Diane Bukowski, editor of VOD, commented earlier in an email response:

Test scores are nothing but a trick to continue demolishing our once proud Detroit Public Schools system. What are our children supposed to do in a city where most of the original neighborhood DPS schools have been demolished, massive home foreclosures have taken place, water is being shut off again, there are no living-wage jobs available for them and their future families, drugs continue to be flooded into the community by the CIA and other government forces, and the school to prison pipeline turns out thousands for the concentration camps? All this while well-to-do suburban whites cavort and play downtown and disrespect the city’s majority population.  

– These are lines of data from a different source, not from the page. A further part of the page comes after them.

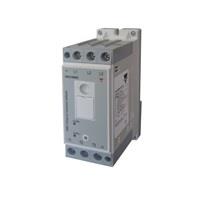 RSBT4032EV51HP
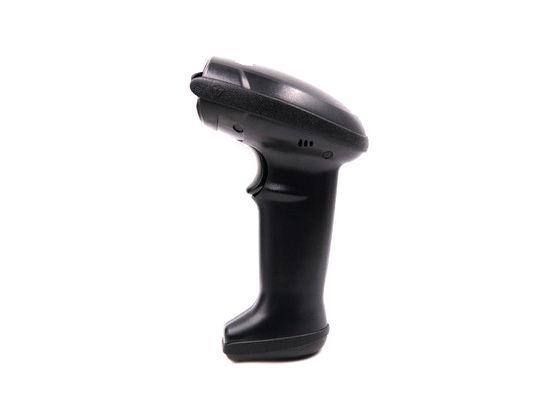 Scanner de code-barres 2D DS6203 - Analyse 0mm-600mm - USB - Haute densité_1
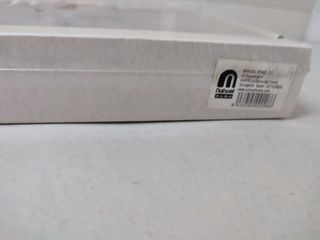 Reloj de Pared Gran Bretaña NUEVO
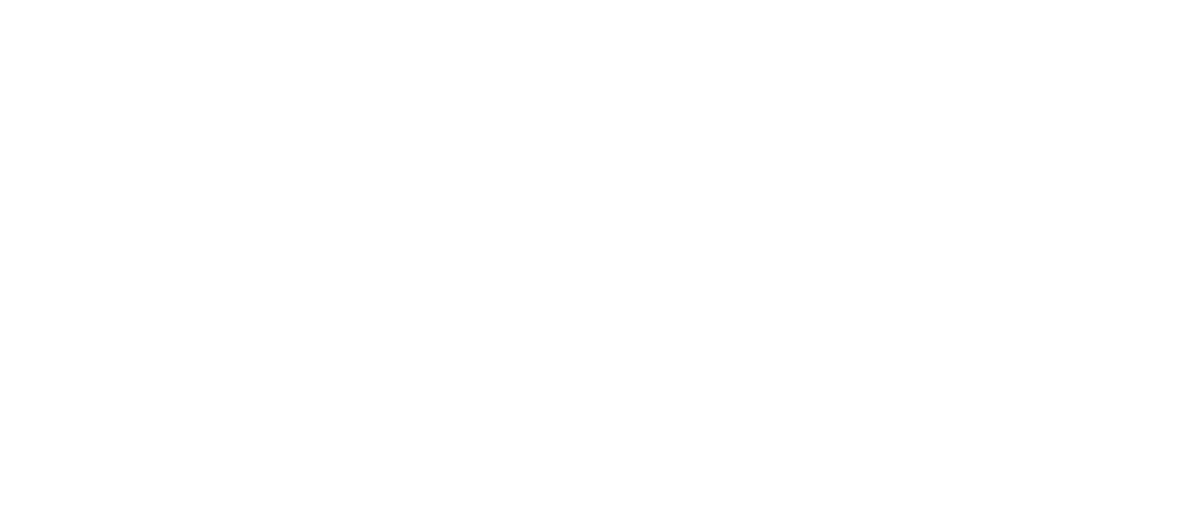 GESMART Watches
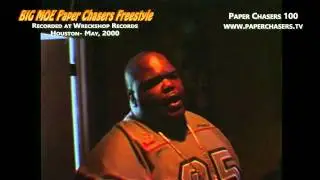 Big Moe 
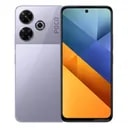 شیائومی پوکو M6 4G ظرفیت 128GB رم 6GB-0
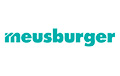 Meusburger Georg GmbH & Co KG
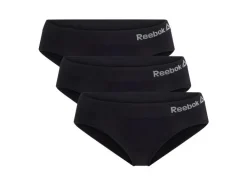 Set van 3 dames onderbroeken<Reebok Discount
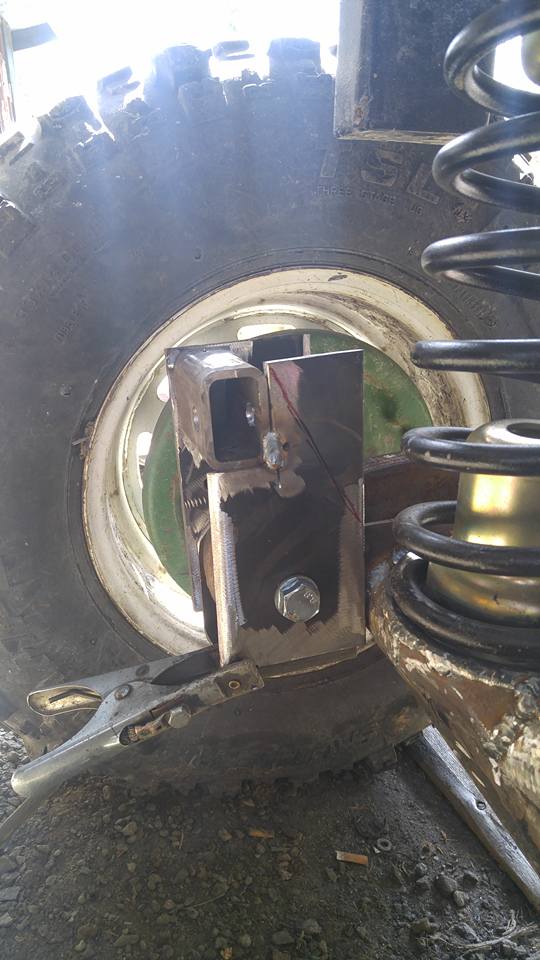 13151512 483681081821077 5553440873159629073 n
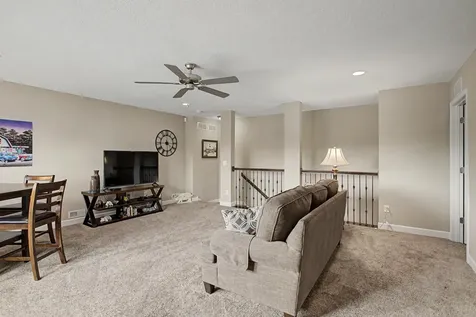 14764 Cloquet Street Dayton MN 55327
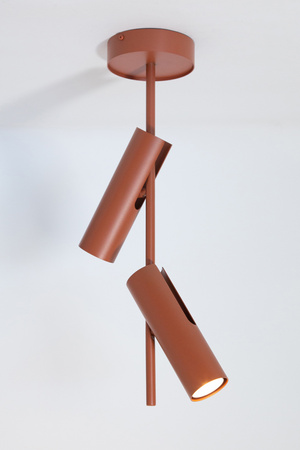 LEDA 2 plafon ceglany 41147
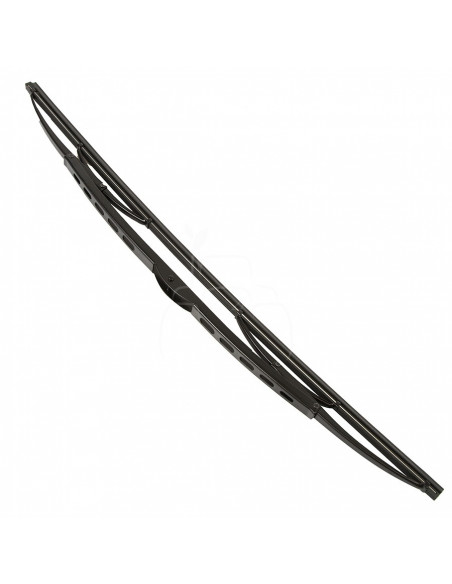 ESCOBILLA LIMPIAPARABRISAS 500 mm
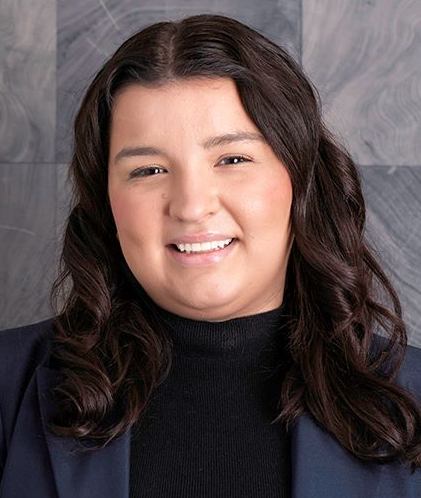 a256='69c03No such function oxygen_'title'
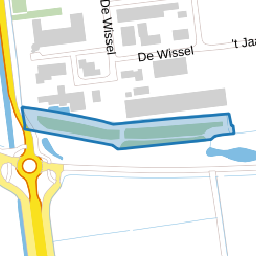 Perceel ANA02-F-1209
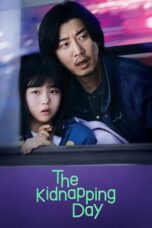 Nonton Film The Kidnapping Day (2023) WONGMOVIE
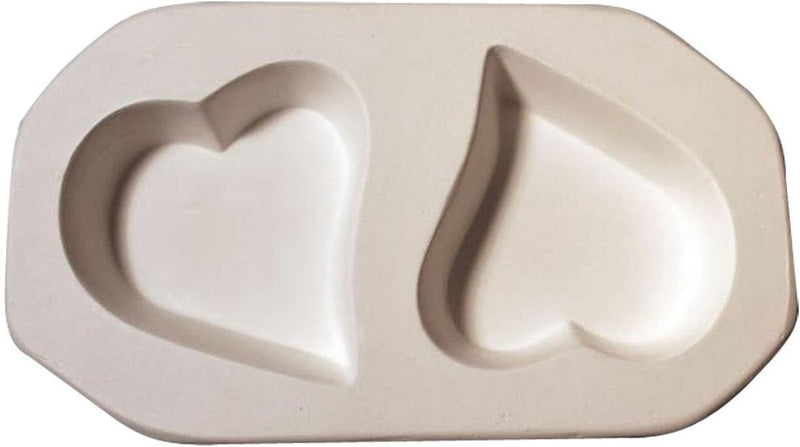 Enameling Kiln - Hot Shot 7G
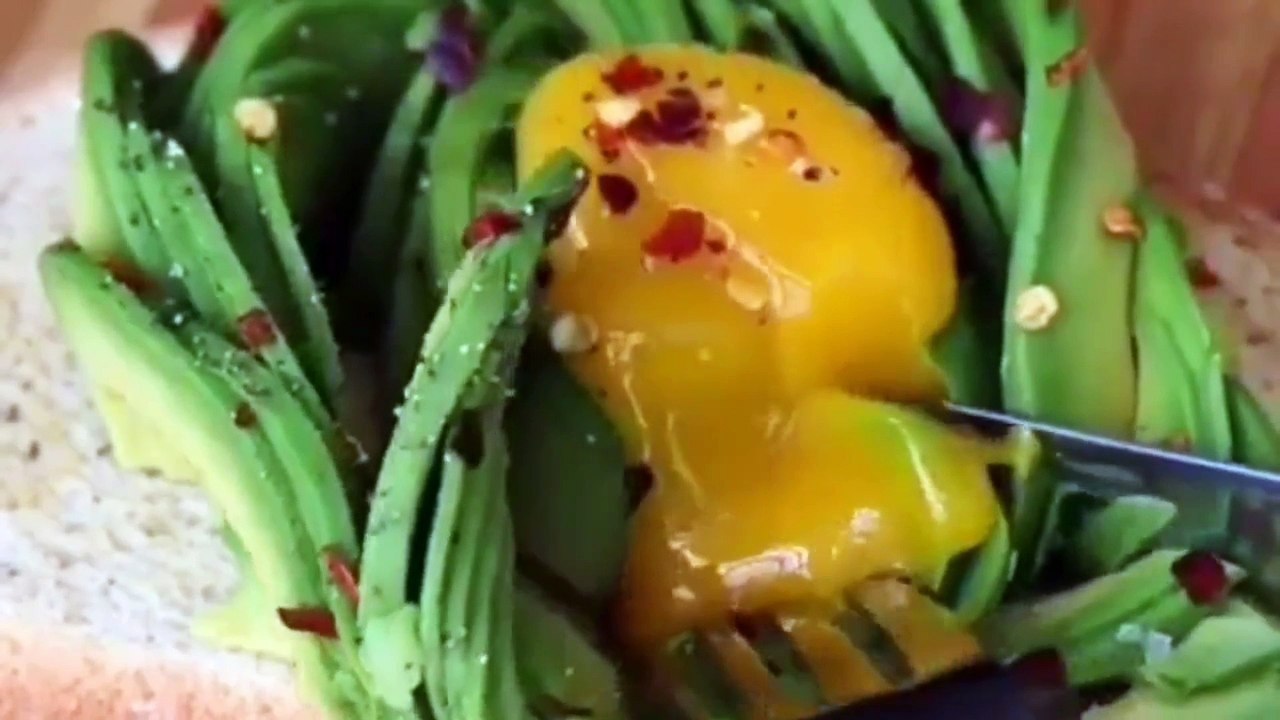 egg recipes for breakfast | easy egg recipes for breakfast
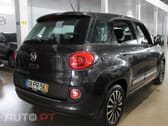 Fiat 500L 1.3 MJ Lounge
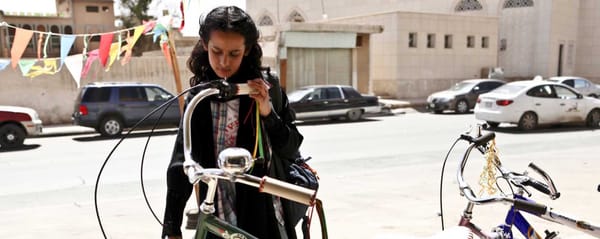 MoviePigs Launches US Platform For Arab Cinema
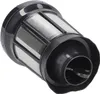 Filter Ecovacs 201-2307-0665 für Staubsauger-Roboter Produktbild-Vorschau 5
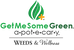 GetMeSomeGreen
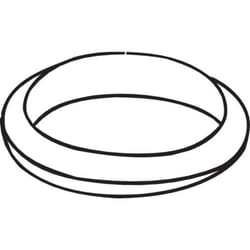 Jeu de joints, échappement BOSAL 256-291
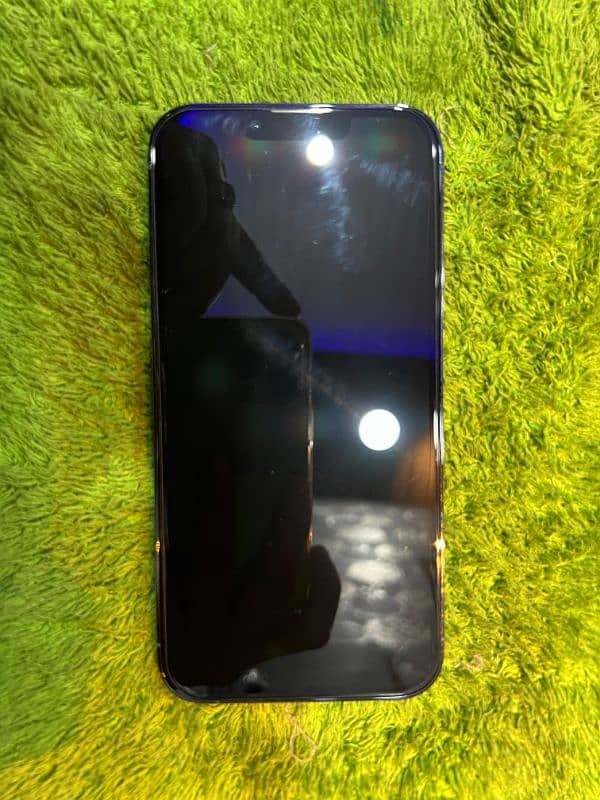 Iphone 13pro Non pta 1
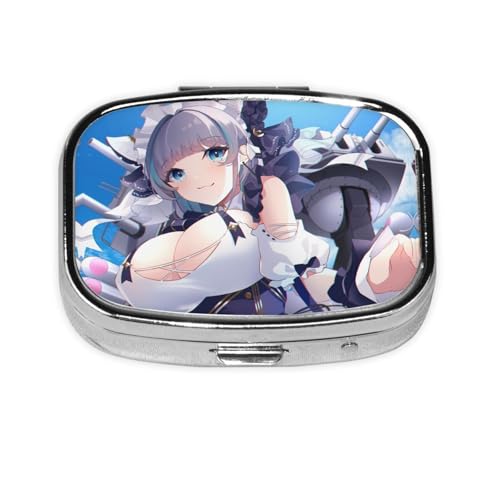 sP[X AY[[ `FV[  P[X gїp   ܓ Rۖh d؂t  h Ռ R ݖYh~ ^  RpNg ^ sp gx 1.8*4*5.5cm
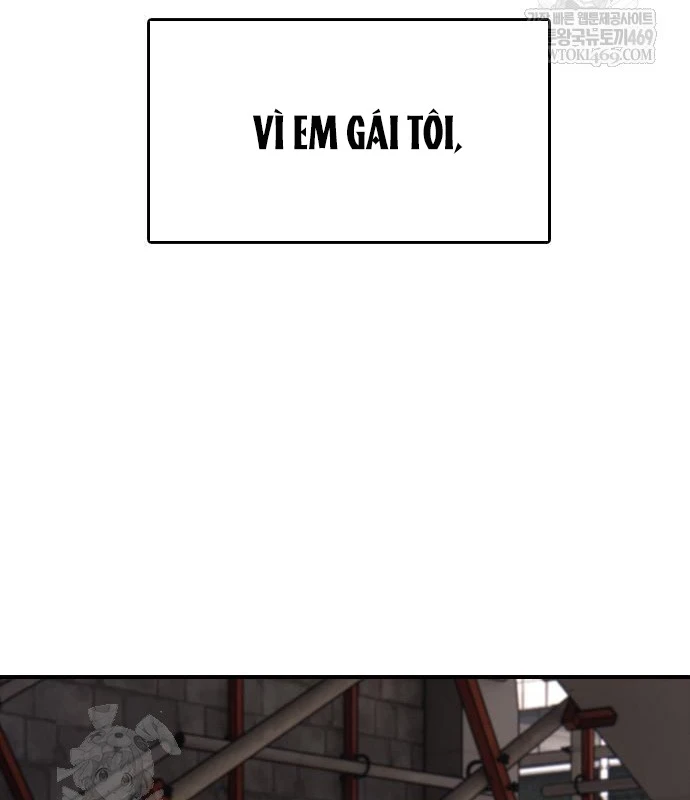 Ngày Tận Thế Đã Đến Chapter 48 - 267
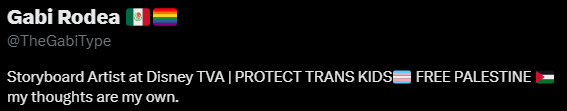 1717953202842.png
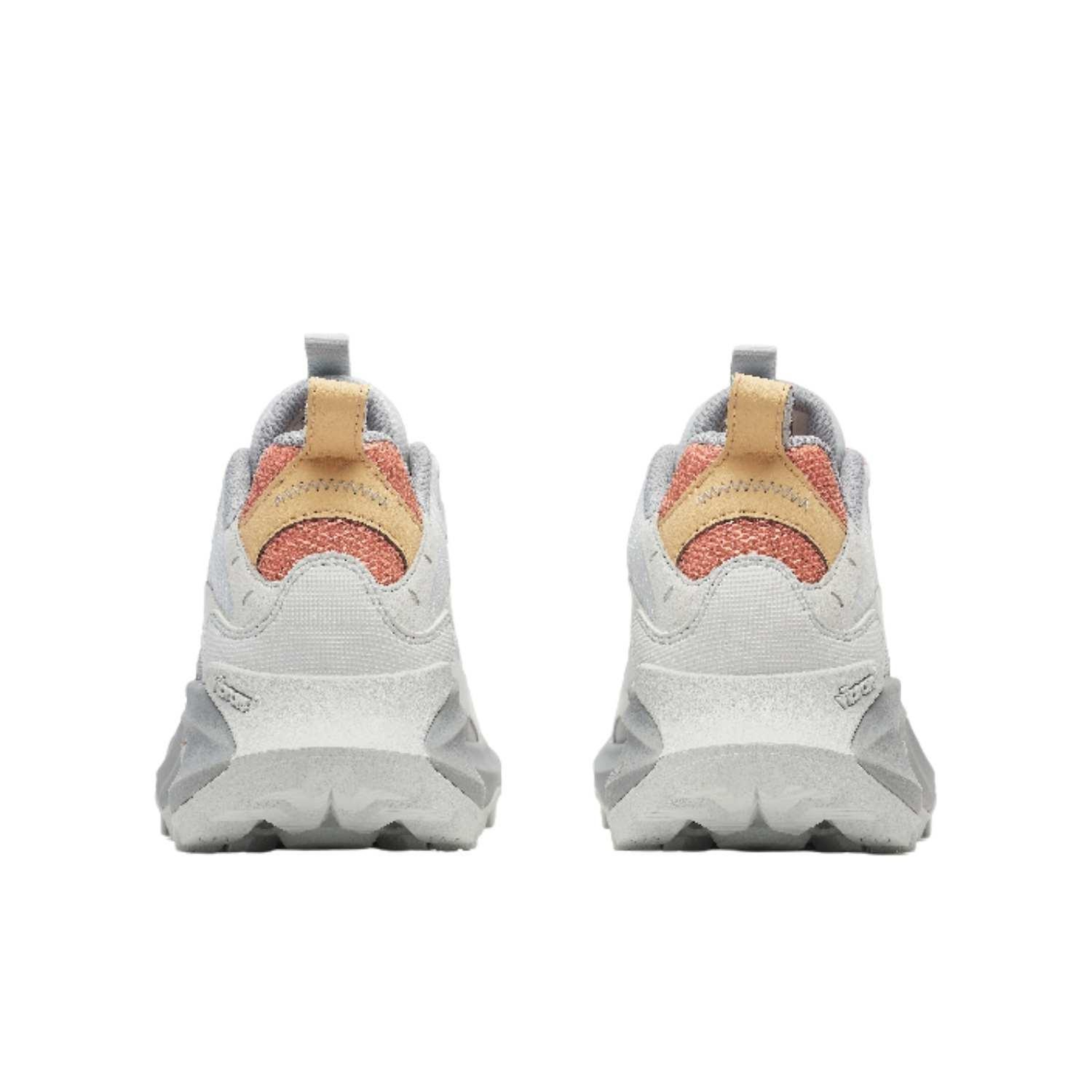 Merrell Moab Speed 2 Gore-Tex Kadın Outdoor Ayakkabı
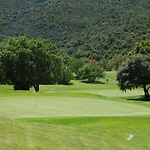 Domaine Du Golf De فيلة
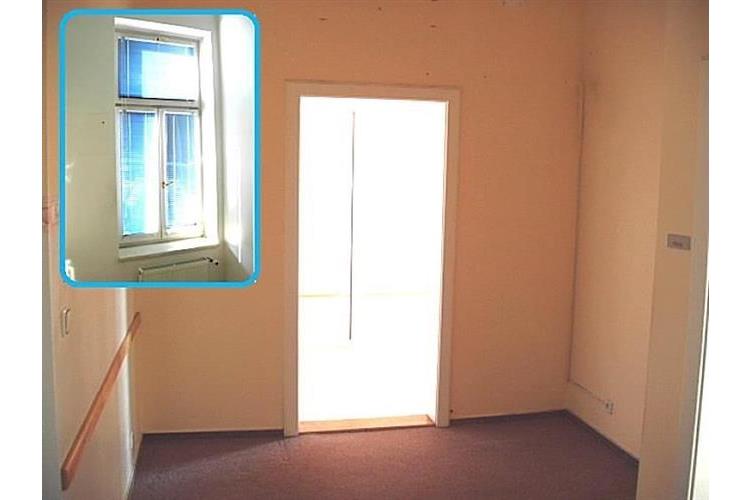 Nájem nebyt. p. ord-Dom. Kostelni Fasch. c.9.JPG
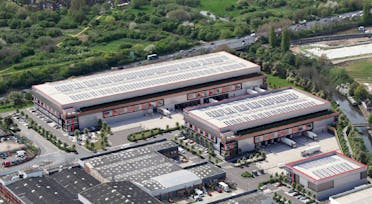 Segro Park Greenford Central (Redevelopment), Greenford, Industrial / Trade Counter To Let - Overview.PNG - More details and enquiries about this property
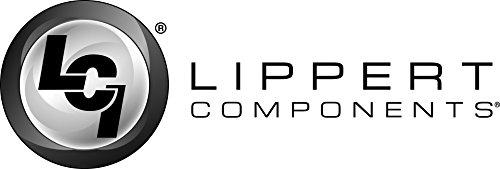 Algopix Similar Product 8 - Lippert Components V000334753 Std Wa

This is genocide. But we keep going along fighting at the polls when we know the politicians are not to be trusted. Forget the Democrats and the Republicans. We need mass organizing on a grass roots scale, direct action, etc. To be honest, I do not have the answers about how this is to come about. But I AM sick and tired of watching people get mired down in an electoral system that offers no solutions for us. It drains energy away from what the real struggle should be. If anyone had the answers, it was the Black Panther Party and their 10-point program. Just a few thoughts. I credit everyone who is fighting back, but please do not get tricked by business as usual politics.